By: Vivian Nuñez
Too Damn Young founder Vivian Nuñez took time out of her busy schedule to serve as Lively’s Guest Editor this Mental Health Awareness Month. Here, she writes about how she stays on track on big grief days.
When you’re navigating grief, you realize that no matter how many losses or how many years since your person’s death, you are not immune to experiencing moments as firsts. I was 10 years old when my mom died – that was 16 years ago now – and on Easter Sunday this year I spiraled into tears because it was the first time that I noticed myself forgetting parts of our shared memories that to my disbelief weren’t as cemented in my mind as I thought they had been.
It’s been five years since I lost my grandmother, my second mom and the woman who raised me after my mom passed, and her absence is what I feel the heaviest on Mother’s Day. Because even though my mom died when I was so young, my grandmother shielded me from the all-consuming doubt that I now know comes from not having anyone to give a Mother’s Day card to.
Having 16 years under my belt does make me an expert though because the truth is that no two losses and no two days with the same loss are ever the same. What I lack in mastering grief, I’ve made up for by learning myself more and more.
My body and my mind have noticeable (to me now) reactions when death anniversaries or big holidays come around. My body feels more tired, sleepier, more likely to need pampering from me and others. My mind feels jumbled, overstimulated, and like it wishes there was a way to pause having to simultaneously relive days like January 10, 2003 (my mother’s death anniversary) every time any January 10th rolls around.
Instead of setting myself up for success on these days, I spent so many years doing the opposite. I would run myself ragged until exhaustion felt like a complete release. I would skip meals or not prioritize sleep and then ask myself why it took me so long to recover from hard days after the fact.
I convinced myself that because nothing would ever bring my loved ones back that nothing but that would ever make these days easier for me. Turns out, I was wrong. There’s lots you can do to cushion the weight of these days so that they don’t annihilate you.
I’m the first to know that sleep as a command is never easily followed. I can lay in bed for hours with ruminating thoughts if I let myself. It’s okay to turn to calming tricks to help you prioritize sleep before, during, and after hard days. I’ve learned it’s about consistency and minimizing factors that could distract. Set your phone far away, take a Vital Proteins Sleep Collagen Shot, put on your softest PJs, dabble lavender on the inside of your wrists, listen to calming music — do whatever you would do if you needed to put yourself down for a necessary nap and do it again and again until you’ve found the tricks that will help your body rest.
And then make your meals incredibly easy to decide on. For a few days, maybe even eat the same things. I’ve found that when I’m the most emotional, I pour emotion into any decision-making that needs to happen. Around Mother’s Day, deciding what I should have for lunch seems like the most energy-consuming decision I could be making in my entire life and ends up making me feel defeated when I’ve landed on the same thing I had for lunch the day before. Instead of putting pressure on yourself on these days, decide at the top of the week what food you’ll be having, who will be in charge of bringing it to you, and when you will be having it. It seems small, but it helps free up so much brain space on hard days.
Don’t exercise if you already feel depleted, but don’t sabotage yourself if you know that yoga will actually help but you’re committed to embracing only things that will justify your sadness. I’ve been in that spiral before where I feel like it’s my duty to be sad on grief days, when in reality, my only responsibility is to myself on those days. Don’t feel guilty about listening to your gut on what will help bring you peace.
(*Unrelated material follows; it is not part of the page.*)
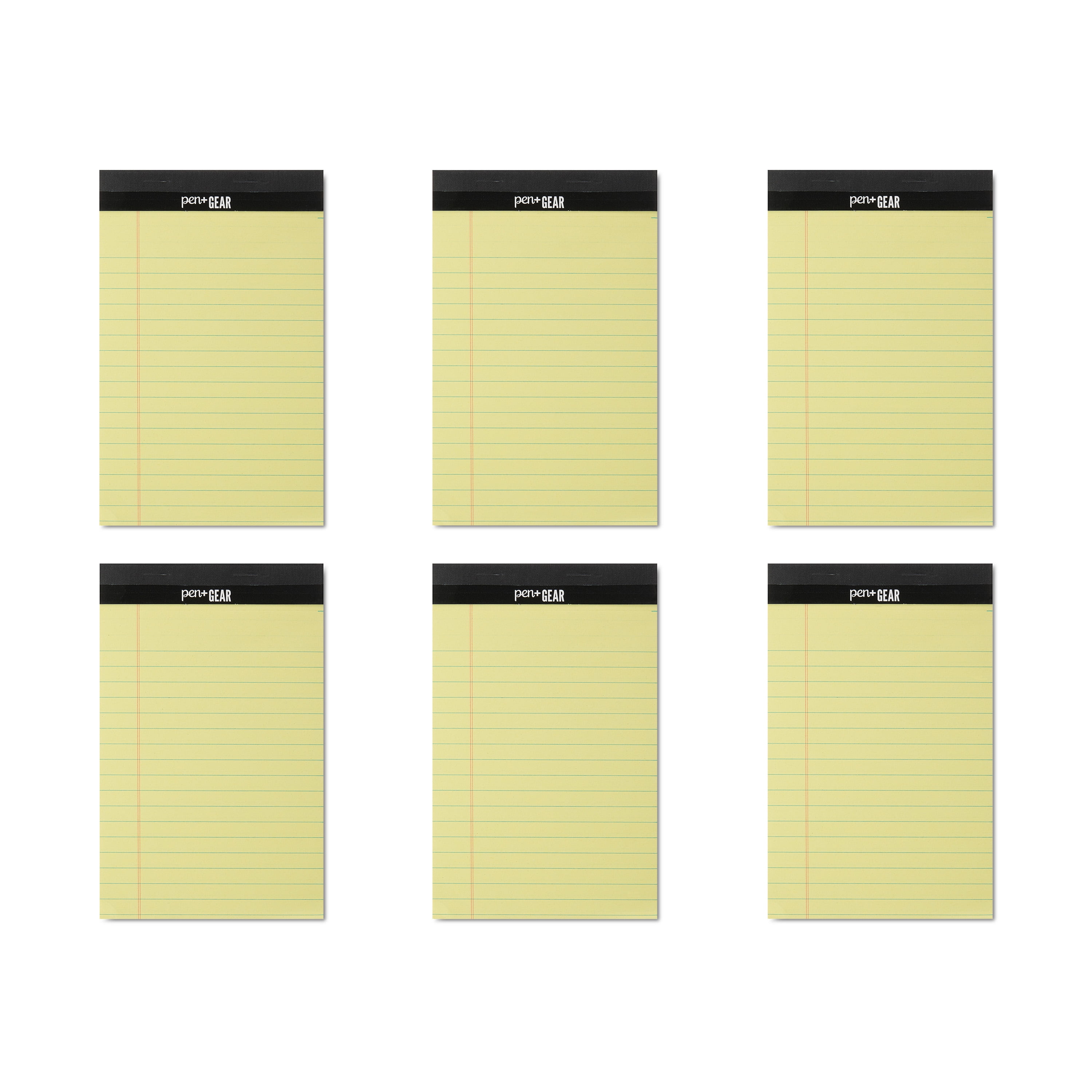 (6 pack) Pen+Gear Wide Ruled Junior Legal Pads, 5" x 8", Canary Paper, 50 Sheets Each, 100 Pages, 6 Pack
Instagram has been such a safe haven for me on big grief days. I’ll turn to my community of people who know what it’s like to live without someone they love, and they just “get” the things that I have such a hard time putting into words. I also turn to the hugs and comfort from my core group of people offline. Don’t be afraid to text your friends or ask your partner for some extra TLC — no one is psychic, and most people err on the side of not wanting to bring up hard days because they feel like they’ll be reminding you of sad things. If you acknowledge that you’re already trying to make it through the day, it can give someone the permission they may need to find ways to be there for you.
Grief days don’t come with a user’s manual. You learn as you go, and the reality is that you only have one death anniversary, one Mother’s Day, one holiday season every year to practice techniques that would help you get through. It’s not much time to practice and perfect, but it is enough time to learn that the key isn’t mastery, it’s learning to lead with kindness and learning to trust yourself and what you know your body and mind will need during those days. We’re all trying our best and that’s more than enough.